### Information

================

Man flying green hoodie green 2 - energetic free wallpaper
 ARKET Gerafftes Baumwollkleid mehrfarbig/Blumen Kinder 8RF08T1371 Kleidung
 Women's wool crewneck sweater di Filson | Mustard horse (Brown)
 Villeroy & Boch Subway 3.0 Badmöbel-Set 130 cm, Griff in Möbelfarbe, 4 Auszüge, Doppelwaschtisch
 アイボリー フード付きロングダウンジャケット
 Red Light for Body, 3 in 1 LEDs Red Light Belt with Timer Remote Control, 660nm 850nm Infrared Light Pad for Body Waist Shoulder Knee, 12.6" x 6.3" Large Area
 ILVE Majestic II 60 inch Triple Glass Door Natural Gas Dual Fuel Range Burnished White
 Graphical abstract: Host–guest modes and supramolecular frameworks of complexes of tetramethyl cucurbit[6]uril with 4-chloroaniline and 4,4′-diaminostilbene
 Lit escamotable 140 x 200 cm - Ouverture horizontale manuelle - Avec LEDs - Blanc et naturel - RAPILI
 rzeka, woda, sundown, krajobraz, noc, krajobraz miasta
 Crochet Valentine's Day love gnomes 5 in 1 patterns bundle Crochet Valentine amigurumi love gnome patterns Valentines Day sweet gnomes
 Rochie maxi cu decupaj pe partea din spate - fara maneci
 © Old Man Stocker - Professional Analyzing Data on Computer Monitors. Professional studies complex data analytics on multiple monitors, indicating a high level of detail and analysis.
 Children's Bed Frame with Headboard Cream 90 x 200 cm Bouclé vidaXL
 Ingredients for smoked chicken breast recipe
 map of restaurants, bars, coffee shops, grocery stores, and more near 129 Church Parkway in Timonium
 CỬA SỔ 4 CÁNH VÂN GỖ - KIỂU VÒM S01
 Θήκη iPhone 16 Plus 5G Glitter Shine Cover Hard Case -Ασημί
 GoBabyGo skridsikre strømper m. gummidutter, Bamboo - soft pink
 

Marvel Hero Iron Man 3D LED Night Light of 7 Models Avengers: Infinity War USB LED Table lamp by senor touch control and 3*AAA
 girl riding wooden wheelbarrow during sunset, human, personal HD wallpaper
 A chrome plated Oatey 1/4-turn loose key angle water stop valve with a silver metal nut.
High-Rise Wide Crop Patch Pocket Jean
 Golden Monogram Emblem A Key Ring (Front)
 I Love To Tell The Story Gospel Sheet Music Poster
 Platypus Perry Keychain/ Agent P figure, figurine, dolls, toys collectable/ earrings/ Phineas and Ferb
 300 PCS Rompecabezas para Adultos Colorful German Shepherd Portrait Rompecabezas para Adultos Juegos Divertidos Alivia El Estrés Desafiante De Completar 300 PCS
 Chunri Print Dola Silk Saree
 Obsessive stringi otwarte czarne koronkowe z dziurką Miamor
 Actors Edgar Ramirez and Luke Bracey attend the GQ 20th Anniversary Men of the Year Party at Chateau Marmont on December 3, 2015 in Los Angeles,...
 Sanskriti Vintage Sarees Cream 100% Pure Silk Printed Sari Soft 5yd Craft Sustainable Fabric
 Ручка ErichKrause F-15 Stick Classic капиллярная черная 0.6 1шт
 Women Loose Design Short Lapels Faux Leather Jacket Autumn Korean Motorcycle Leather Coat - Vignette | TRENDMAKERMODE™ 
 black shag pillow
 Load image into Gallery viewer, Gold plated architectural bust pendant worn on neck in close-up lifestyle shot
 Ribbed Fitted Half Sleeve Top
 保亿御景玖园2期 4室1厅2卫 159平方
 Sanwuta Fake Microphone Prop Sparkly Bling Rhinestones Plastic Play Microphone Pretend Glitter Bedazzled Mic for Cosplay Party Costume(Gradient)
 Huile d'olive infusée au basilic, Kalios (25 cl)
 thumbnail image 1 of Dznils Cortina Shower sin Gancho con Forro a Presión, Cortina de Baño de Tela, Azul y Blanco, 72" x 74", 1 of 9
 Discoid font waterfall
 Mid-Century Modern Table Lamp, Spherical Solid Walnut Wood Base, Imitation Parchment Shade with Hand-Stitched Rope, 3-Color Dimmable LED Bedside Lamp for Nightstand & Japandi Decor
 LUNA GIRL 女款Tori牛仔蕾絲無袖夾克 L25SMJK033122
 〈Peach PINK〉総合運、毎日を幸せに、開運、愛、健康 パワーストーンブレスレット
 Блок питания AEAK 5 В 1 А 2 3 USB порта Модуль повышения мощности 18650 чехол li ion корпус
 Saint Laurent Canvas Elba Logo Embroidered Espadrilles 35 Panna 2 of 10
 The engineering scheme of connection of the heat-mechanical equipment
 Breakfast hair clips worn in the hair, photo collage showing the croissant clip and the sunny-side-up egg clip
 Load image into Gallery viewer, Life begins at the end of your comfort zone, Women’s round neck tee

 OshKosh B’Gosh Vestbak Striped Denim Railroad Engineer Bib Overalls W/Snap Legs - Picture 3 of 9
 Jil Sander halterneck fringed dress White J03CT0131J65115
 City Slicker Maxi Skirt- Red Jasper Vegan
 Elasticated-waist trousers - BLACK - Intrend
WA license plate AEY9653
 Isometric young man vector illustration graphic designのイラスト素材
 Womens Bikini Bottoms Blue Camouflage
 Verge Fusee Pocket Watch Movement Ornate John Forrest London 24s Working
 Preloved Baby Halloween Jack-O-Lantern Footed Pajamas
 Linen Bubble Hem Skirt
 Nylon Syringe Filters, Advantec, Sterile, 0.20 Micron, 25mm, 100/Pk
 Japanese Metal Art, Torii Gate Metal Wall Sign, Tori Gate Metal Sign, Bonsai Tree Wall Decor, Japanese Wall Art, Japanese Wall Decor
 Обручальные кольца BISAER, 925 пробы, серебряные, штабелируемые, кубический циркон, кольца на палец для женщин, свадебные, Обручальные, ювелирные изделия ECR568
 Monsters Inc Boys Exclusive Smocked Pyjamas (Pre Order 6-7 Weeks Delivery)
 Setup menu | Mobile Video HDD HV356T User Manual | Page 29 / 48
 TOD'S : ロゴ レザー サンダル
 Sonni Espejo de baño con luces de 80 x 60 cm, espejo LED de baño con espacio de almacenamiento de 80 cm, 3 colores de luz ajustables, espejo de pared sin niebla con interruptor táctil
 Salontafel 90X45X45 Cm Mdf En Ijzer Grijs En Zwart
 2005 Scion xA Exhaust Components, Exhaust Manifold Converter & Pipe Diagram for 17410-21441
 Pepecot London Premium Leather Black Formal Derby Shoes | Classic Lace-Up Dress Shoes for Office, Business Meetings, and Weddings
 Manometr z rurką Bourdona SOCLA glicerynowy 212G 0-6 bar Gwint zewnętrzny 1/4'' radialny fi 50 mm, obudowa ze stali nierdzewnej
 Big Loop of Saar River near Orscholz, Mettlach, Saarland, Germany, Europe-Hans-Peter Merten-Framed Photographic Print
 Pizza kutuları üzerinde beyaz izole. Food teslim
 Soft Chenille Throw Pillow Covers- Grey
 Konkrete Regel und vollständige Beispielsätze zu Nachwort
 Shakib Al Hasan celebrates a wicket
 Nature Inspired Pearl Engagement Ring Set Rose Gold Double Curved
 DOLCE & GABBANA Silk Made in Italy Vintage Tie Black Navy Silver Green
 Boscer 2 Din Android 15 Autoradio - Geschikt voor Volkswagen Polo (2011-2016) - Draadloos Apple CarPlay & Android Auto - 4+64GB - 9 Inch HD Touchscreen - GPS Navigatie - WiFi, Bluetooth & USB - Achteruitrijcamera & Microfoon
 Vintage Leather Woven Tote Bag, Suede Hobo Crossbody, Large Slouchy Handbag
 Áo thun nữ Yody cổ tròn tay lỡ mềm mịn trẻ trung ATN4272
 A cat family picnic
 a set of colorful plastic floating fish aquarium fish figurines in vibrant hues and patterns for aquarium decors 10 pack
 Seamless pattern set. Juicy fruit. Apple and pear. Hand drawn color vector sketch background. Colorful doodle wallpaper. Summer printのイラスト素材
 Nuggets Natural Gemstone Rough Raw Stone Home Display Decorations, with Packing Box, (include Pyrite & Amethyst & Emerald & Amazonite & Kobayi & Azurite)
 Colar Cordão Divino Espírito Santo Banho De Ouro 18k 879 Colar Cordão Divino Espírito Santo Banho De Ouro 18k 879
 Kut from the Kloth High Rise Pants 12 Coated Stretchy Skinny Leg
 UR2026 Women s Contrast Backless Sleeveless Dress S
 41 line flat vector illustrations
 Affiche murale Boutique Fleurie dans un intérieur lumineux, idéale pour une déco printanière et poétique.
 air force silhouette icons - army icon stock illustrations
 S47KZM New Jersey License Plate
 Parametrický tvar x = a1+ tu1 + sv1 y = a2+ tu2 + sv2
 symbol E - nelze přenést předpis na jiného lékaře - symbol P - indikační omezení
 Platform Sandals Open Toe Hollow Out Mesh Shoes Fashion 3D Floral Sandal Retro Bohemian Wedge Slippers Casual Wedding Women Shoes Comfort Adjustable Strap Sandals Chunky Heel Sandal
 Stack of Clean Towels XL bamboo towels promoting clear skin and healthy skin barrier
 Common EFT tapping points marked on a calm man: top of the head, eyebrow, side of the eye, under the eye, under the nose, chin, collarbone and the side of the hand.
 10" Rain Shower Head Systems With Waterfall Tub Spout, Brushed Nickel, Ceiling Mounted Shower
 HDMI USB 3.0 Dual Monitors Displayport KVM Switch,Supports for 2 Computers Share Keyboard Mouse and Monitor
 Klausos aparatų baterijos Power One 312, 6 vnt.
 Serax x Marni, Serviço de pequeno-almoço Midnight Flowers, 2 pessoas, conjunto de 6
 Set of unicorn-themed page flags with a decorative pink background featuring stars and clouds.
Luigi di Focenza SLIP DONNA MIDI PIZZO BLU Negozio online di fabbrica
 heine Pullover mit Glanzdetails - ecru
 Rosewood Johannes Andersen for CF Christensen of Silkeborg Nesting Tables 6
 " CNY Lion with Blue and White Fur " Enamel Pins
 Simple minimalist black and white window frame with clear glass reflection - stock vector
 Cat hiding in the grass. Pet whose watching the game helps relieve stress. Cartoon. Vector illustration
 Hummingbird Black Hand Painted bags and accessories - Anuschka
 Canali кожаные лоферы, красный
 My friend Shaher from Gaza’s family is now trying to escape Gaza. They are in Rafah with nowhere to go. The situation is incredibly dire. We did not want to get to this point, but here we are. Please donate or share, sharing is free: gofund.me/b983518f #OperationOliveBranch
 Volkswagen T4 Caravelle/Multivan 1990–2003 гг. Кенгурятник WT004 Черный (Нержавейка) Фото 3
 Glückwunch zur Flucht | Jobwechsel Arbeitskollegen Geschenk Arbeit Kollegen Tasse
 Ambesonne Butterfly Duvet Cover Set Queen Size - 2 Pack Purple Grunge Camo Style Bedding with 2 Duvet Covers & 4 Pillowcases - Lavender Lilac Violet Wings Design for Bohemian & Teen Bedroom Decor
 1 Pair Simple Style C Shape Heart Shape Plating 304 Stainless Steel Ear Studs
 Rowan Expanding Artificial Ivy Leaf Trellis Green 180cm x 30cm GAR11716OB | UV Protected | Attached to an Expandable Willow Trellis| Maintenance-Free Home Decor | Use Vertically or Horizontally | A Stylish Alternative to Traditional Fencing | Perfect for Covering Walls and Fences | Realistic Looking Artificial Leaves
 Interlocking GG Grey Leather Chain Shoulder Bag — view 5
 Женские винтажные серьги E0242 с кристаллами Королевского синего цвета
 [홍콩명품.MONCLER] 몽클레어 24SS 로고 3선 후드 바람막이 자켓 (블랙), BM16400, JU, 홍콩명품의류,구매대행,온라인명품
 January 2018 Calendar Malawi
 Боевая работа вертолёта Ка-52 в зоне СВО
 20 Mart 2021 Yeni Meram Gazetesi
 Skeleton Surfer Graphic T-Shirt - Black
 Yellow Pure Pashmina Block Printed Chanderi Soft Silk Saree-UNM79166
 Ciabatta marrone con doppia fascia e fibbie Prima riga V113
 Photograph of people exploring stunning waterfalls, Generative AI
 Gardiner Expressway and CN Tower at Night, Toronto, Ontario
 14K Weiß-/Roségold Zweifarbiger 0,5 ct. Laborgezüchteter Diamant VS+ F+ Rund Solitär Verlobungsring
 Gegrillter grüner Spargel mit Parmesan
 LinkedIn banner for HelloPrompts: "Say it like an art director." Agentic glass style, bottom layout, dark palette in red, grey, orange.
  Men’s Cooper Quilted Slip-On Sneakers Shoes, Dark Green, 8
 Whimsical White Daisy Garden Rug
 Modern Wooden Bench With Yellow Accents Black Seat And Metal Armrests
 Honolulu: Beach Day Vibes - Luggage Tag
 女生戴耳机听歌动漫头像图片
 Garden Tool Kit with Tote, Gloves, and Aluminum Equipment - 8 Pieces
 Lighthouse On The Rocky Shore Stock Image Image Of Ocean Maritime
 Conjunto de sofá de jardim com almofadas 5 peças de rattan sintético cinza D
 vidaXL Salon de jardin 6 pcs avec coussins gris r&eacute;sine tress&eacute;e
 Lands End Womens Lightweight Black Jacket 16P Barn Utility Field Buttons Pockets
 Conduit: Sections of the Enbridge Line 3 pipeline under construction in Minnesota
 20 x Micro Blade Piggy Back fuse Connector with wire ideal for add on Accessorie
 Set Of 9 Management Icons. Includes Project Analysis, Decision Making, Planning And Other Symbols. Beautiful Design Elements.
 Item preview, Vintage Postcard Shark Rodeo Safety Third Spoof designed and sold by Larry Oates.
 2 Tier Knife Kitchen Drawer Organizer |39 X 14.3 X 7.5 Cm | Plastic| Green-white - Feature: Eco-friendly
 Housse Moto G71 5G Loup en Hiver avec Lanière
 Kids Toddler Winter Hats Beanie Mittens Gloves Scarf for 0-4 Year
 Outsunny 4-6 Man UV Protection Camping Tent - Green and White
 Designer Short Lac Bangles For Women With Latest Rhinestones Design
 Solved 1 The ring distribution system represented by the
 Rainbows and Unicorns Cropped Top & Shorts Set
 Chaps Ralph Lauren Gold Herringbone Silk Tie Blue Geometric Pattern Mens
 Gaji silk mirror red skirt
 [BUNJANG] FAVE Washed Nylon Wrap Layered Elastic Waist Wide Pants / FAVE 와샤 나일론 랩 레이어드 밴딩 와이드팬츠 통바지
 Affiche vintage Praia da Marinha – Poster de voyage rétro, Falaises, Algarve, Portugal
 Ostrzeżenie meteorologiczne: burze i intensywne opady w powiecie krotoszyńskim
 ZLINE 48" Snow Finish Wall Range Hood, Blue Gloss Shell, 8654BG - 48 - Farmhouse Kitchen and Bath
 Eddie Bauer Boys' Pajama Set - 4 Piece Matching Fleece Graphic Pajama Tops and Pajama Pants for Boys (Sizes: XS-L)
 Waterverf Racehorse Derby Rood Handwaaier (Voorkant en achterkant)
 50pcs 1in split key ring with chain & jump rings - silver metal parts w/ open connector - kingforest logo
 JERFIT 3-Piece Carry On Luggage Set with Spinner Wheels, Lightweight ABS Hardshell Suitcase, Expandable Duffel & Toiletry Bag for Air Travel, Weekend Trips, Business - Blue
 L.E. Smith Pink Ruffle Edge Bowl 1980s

================

Write out exactly the lines above from the line with "Villeroy & Boch" through the line with "Red Light for", both of them included, and leave out all other lines.

### Solution to the exercise
 Villeroy & Boch Subway 3.0 Badmöbel-Set 130 cm, Griff in Möbelfarbe, 4 Auszüge, Doppelwaschtisch
 アイボリー フード付きロングダウンジャケット
 Red Light for Body, 3 in 1 LEDs Red Light Belt with Timer Remote Control, 660nm 850nm Infrared Light Pad for Body Waist Shoulder Knee, 12.6" x 6.3" Large Area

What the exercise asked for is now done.